DATA TO PROCESS:
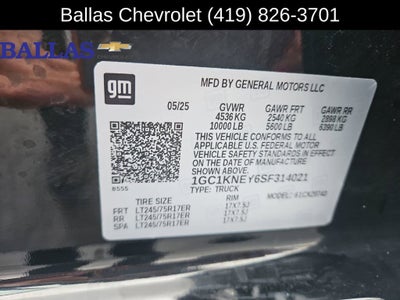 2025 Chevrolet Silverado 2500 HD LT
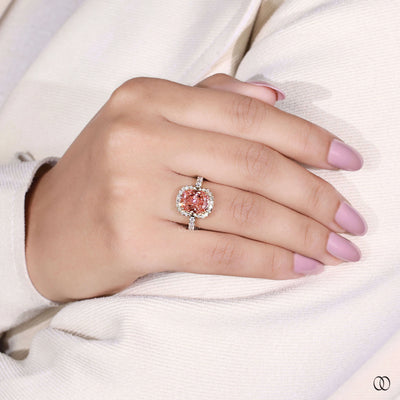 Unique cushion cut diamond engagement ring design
==
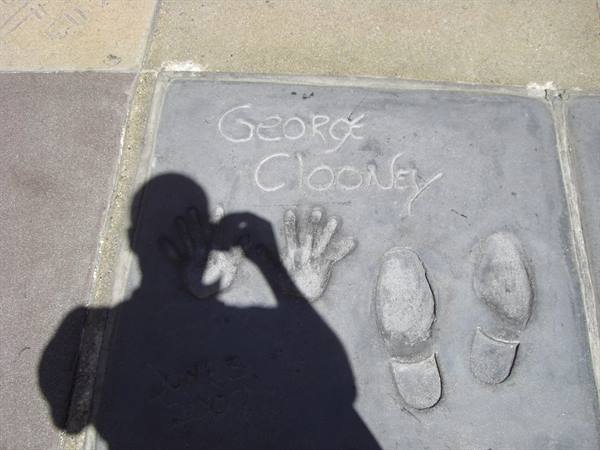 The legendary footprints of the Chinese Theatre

EXERCISE DIRECTIONS: Go to the line above that contains "2025 Chevrolet Silverado 2500 HD LT" and reproduce everything exactly from there through the line that contains "Unique cushion cut", leaving out the pictures.

ANSWER FOR THIS EXERCISE:
 2025 Chevrolet Silverado 2500 HD LT
 Unique cushion cut diamond engagement ring design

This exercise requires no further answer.